Let’s take a serious look at Cheney’s statement: “We have guaranteed freedom, security, and peace for a larger share of humanity than has any other nation in all of history.” No evidence here to demonstrate the truth of this assertion, but who needs it. Consider by contrast a scholar that has investigated just how much guaranteed freedom and security and peace we have as a nation secured for the peoples of the world. James A. Lucas has compiled here an extensive study complete with pages of sources that testify to the accuracy of his statements. It is this reality that Cheney obfuscates with his exuberant words that bury the truth in the very graves of those destroyed by Cheney’s blessed America.

This study reveals that U.S. military forces were directly responsible for about 10 to 15 million deaths during the Korean and Vietnam Wars and the two Iraq Wars. The Korean War also includes Chinese deaths while the Vietnam War also includes fatalities in Cambodia and Laos.

The American public probably is not aware of these numbers and knows even less about the proxy wars for which the United States is also responsible. In the latter wars there were between nine and 14 million deaths in Afghanistan, Angola, Democratic Republic of the Congo, East Timor, Guatemala, Indonesia, Pakistan and Sudan.

But the victims are not just from big nations or one part of the world. The remaining deaths were in smaller ones which constitute over half the total number of nations. Virtually all parts of the world have been the target of U.S. intervention.

The overall conclusion reached is that the United States most likely has been responsible since WWII for the deaths of between 20 and 30 million people in wars and conflicts scattered over the world.

To the families and friends of these victims it makes little difference whether the causes were U.S. military action, proxy military forces, the provision of U.S. military supplies or advisors, or other ways, such as economic pressures applied by our nation. They had to make decisions about other things such as finding lost loved ones, whether to become refugees, and how to survive.

And the pain and anger is spread even further. Some authorities estimate that there are as many as 10 wounded for each person who dies in wars. Their visible, continued suffering is a continuing reminder to their fellow countrymen.

It is essential that Americans learn more about this topic so that they can begin to understand the pain that others feel.
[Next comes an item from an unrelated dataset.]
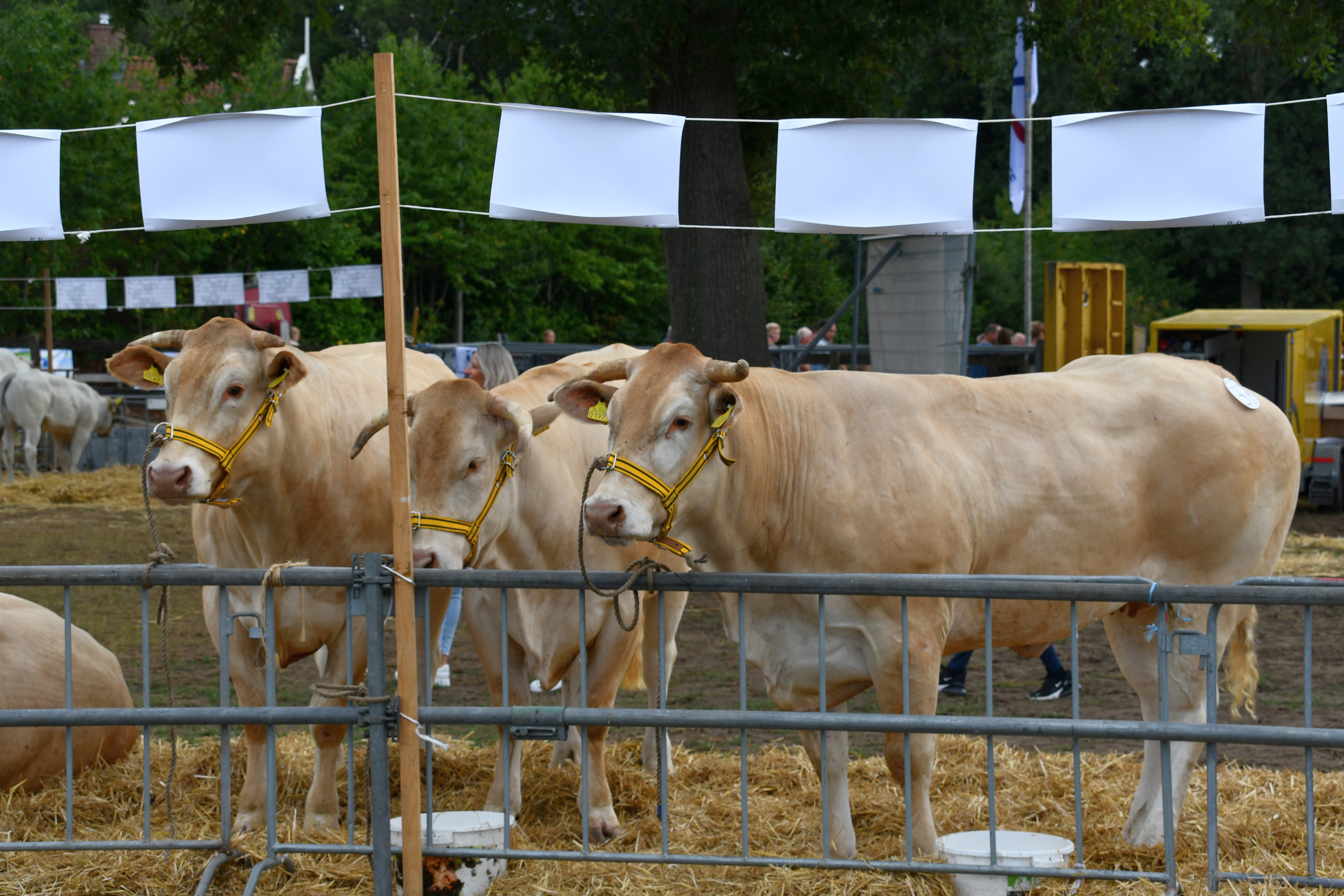 Keuring Enter 2025 naar nieuwe locatie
Someone once observed that the Germans during WWII “chose not to know.” We cannot allow history to say this about our country. The question posed above was “How many September 11ths has the United States caused in other nations since WWII?” The answer is: possibly 10,000. (James A. Lucas, 24 April, 2007, Countercurrents.org).
N.B. War Crimes Times’ Editor’s note: An edited version of this article appears in the Spring 2014 WCT print edition. The link below is to the original unedited version complete with source notes. The numbers in this article were compiled in 2007. Since then, the U.S. has added to its total through attacks on other nations including Libya, Yemen, and Somalia; with its drone program; with the residual political instability from past actions in Afghanistan and Iraq; and likely from secret special operations.

Needless to say, Cheney mentions nothing of the numbers killed or maimed in these imperialist wars waged in distant countries that he was responsible for, though the rationale for America to wage them is mercurial at best and evil at worst. How does one, as a principle actor in the devastation of millions, avoid recognition of the human destruction wrought by his tenure in office, both under H. W. Bush and W. Bush? How does he as Secretary of Defense under Bush senior omit mention of the most horrific blood bath of that pretty little war of 90 days, the literal burial of thousands escaping from Kuwait on the Highway of Death caught in the pinchers of a destroyed roadway on either end.
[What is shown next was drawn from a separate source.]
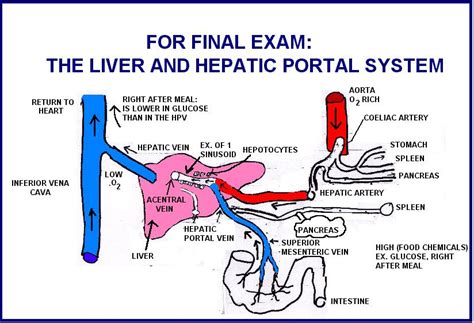 Portal System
Here is testimony by Joyce Chediac to this inhumane bloodbath done under the Secretary of Defense, Dick Cheney: “I want to give testimony on what are called the “highways of death.” These are the two Kuwaiti roadways, littered with remains of 2,000 mangled Iraqi military vehicles, and the charred and dismembered bodies of tens of thousands of Iraqi soldiers, who were withdrawing from Kuwait on February 26th and 27th 1991 in compliance with UN resolutions.”

U.S. planes trapped the long convoys by disabling vehicles in the front, and at the rear, and then pounded the resulting traffic jams for hours. “It was like shooting fish in a barrel,” said one U.S. pilot. The horror is still there to see. … On the sixty miles of coastal highway, Iraqi military units sit in gruesome repose, scorched skeletons of vehicles and men alike, black and awful under the sun, says the Los Angeles Times of March 11, 1991. … There for 60 miles every vehicle was strafed or bombed, every windshield is shattered, every tank is burned, every truck is riddled with shell fragments. No survivors are known or likely. The cabs of trucks were bombed so much that they were pushed into the ground, and it’s impossible to see if they contain drivers or not. Windshields were melted away, and huge tanks were reduced to shrapnel.

“Even in Vietnam I didn’t see anything like this. It’s pathetic,” said Major Bob Nugent, an Army intelligence officer. “This one-sided carnage, this racist mass murder of Arab people, occurred while White House spokesman Marlin Fitzwater promised that the U.S. and its coalition partners would not attack Iraqi forces leaving Kuwait. This is surely one of the most heinous war crimes in contemporary history. … they were going home, responding to orders issued by Baghdad, announcing that it was complying with Resolution 660 and leaving Kuwait. At 5:35 p.m. (Eastern standard Time)…. President Bush responded immediately from the White House saying (through spokesman Marlin Fitzwater) that “there was no evidence to suggest the Iraqi army is withdrawing. In fact, Iraqi units are continuing to fight. . . We continue to prosecute the war.”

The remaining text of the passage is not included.